若是您須要引用正確的位置將日誌文件放在YARN中，以便YARN能夠正確顯示和聚合它們，請在log4j.properties中使用spark.yarn.app.container.log.dir。例如，log4j.appender.file_appender.File = $ {spark.yarn.app.container.log.dir} /spark.log。對於流式應用程序，配置RollingFileAppender並將文件位置設置爲YARN的日誌目錄將避免大型日誌文件引發的磁盤溢出，而且可使用YARN的日誌實用程序訪問日誌。

To use a custom metrics.properties for the application master and executors, update the $SPARK_CONF_DIR/metrics.properties file. It will automatically be uploaded with other configurations, so you don’t need to specify it manually with --files.

6/Important notes
Whether core requests are honored in scheduling decisions depends on which scheduler is in use and how it is configured.
核心請求是否符合調度決策取決於哪一個調度程序正在使用以及如何配置。

In cluster mode, the local directories used by the Spark executors and the Spark driver will be the local directories configured for YARN (Hadoop YARN config yarn.nodemanager.local-dirs). If the user specifies spark.local.dir, it will be ignored. In client mode, the Spark executors will use the local directories configured for YARN while the Spark driver will use those defined in spark.local.dir. This is because the Spark driver does not run on the YARN cluster in client mode, only the Spark executors do.
在羣集模式下，Spark執行程序和Spark驅動程序使用的本地目錄將是爲YARN（Hadoop YARN config yarn.nodemanager.local-dirs）配置的本地目錄。若是用戶指定了spark.local.dir，它將被忽略。在客戶端模式下，Spark執行程序將使用爲YARN配置的本地目錄，而Spark驅動程序將使用在spark.local.dir中定義的目錄。
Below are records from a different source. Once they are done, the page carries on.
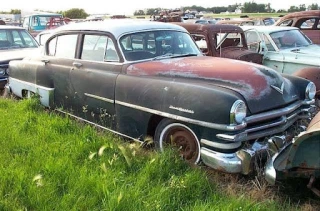 Oakleaf Old Cars JunkYard in Hartford (SD) - photo 2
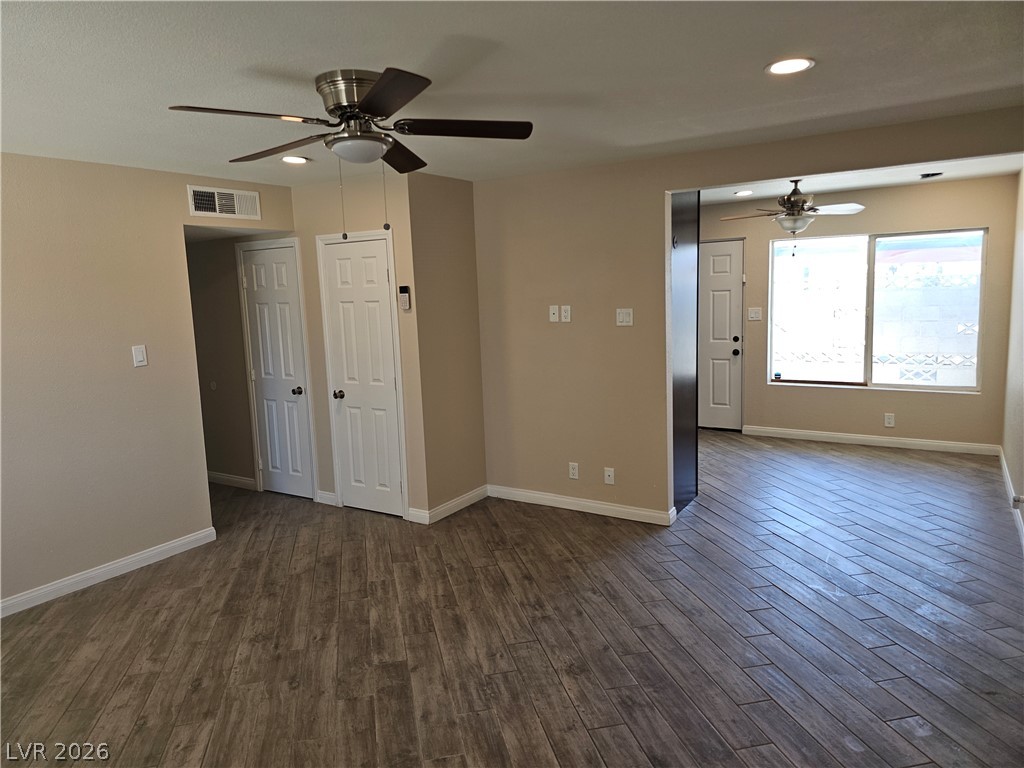 Photo 20 of 41, 1074 King Richard Avenue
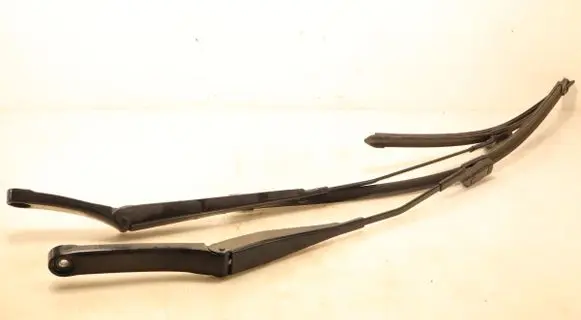 Skoda Octavia Mk4 Front wiper blade arm 5E4955409RBH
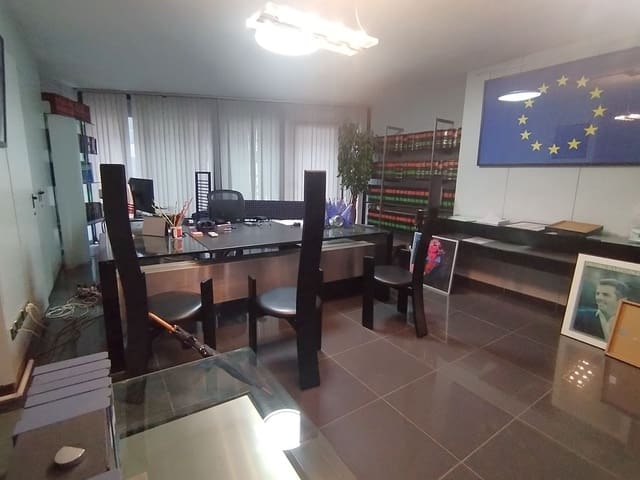 Toimisto vuokrattavana paikassa Alicante kaupunki - 1 800 € (Ref: 9303107)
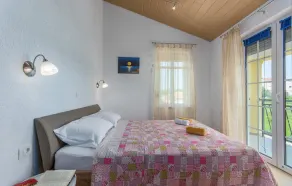 Studio Apartment Ljiljana II with Balcony and Sea View - Image 5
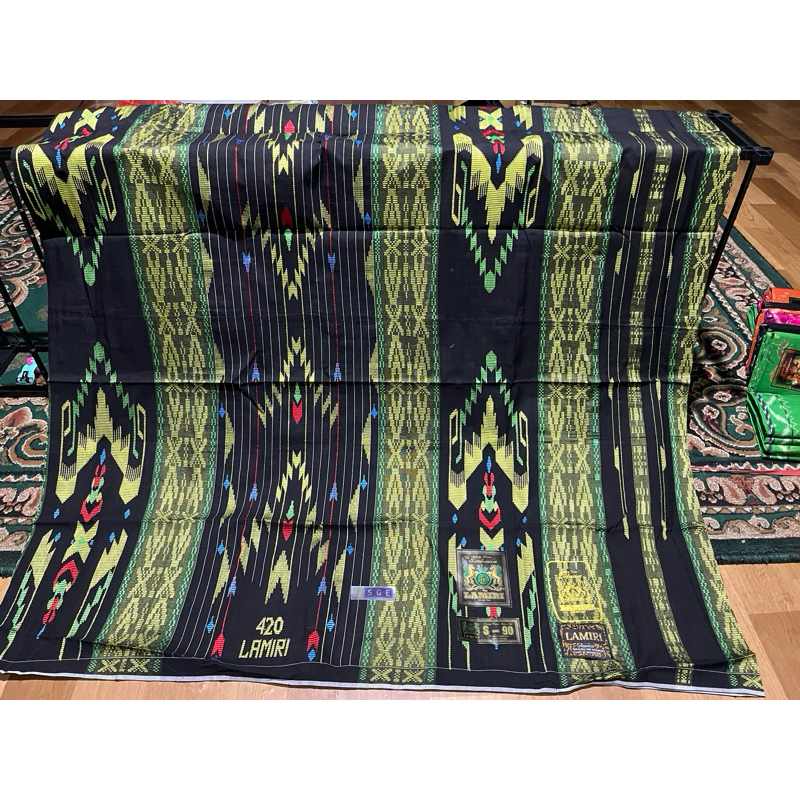 sarung LAMIRI SGE Sutra songket timbul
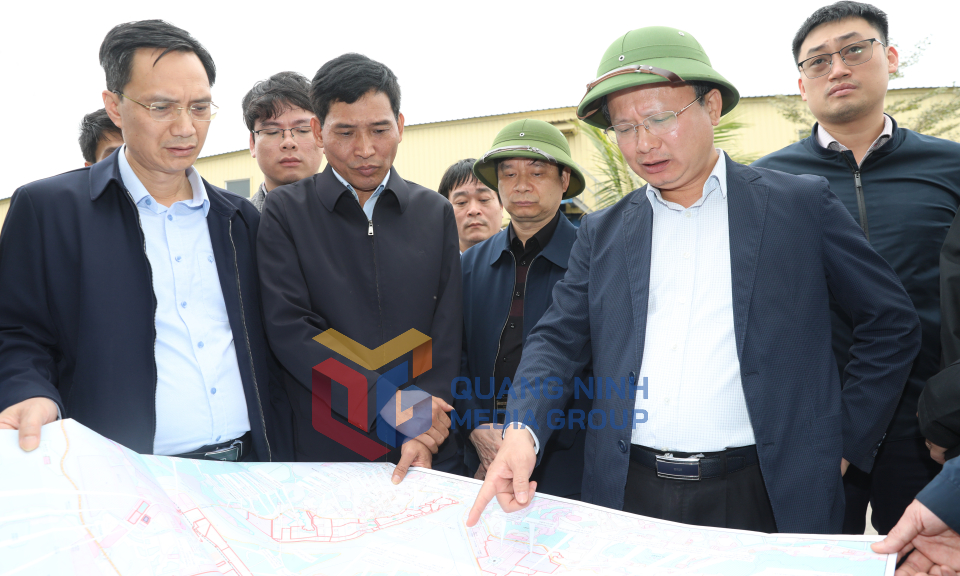 Chủ tịch UBND tỉnh Cao Tường Huy kiểm tra công tác quy hoạch, sử dụng đất khu vực vịnh Cửa Lục, TP Hạ Long, tháng 2-2024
這是由於Spark驅動程序不是在客戶端模式下運行在YARN集羣上，而只是Spark執行器。

The --files and --archives options support specifying file names with the # similar to Hadoop. For example you can specify: --files localtest.txt#appSees.txt and this will upload the file you have locally named localtest.txt into HDFS but this will be linked to by the name appSees.txt, and your application should use the name as appSees.txt to reference it when running on YARN.
--files和--archives選項支持使用相似於Hadoop的＃指定文件名。例如，您能夠指定：--files localtest.txt＃appSees.txt，這將把您本地名爲localtest.txt的文件上傳到HDFS，但這將經過名稱appSees.txt連接，您的應用程序應使用將其命名爲appSees.txt，以便在YARN上運行時引用它。

The --jars option allows the SparkContext.addJar function to work if you are using it with local files and running in cluster mode. It does not need to be used if you are using it with HDFS, HTTP, HTTPS, or FTP files.若是您使用本地文件並以羣集模式運行，則--jars選項將容許SparkContext.addJar函數起做用。若是您使用HDFS，HTTP，HTTPS或FTP文件，則不須要使用它。

相關標籤/搜索

flume+spark+hive+spark

每日一句

每一个你不满意的现在，都有一个你没有努力的曾经。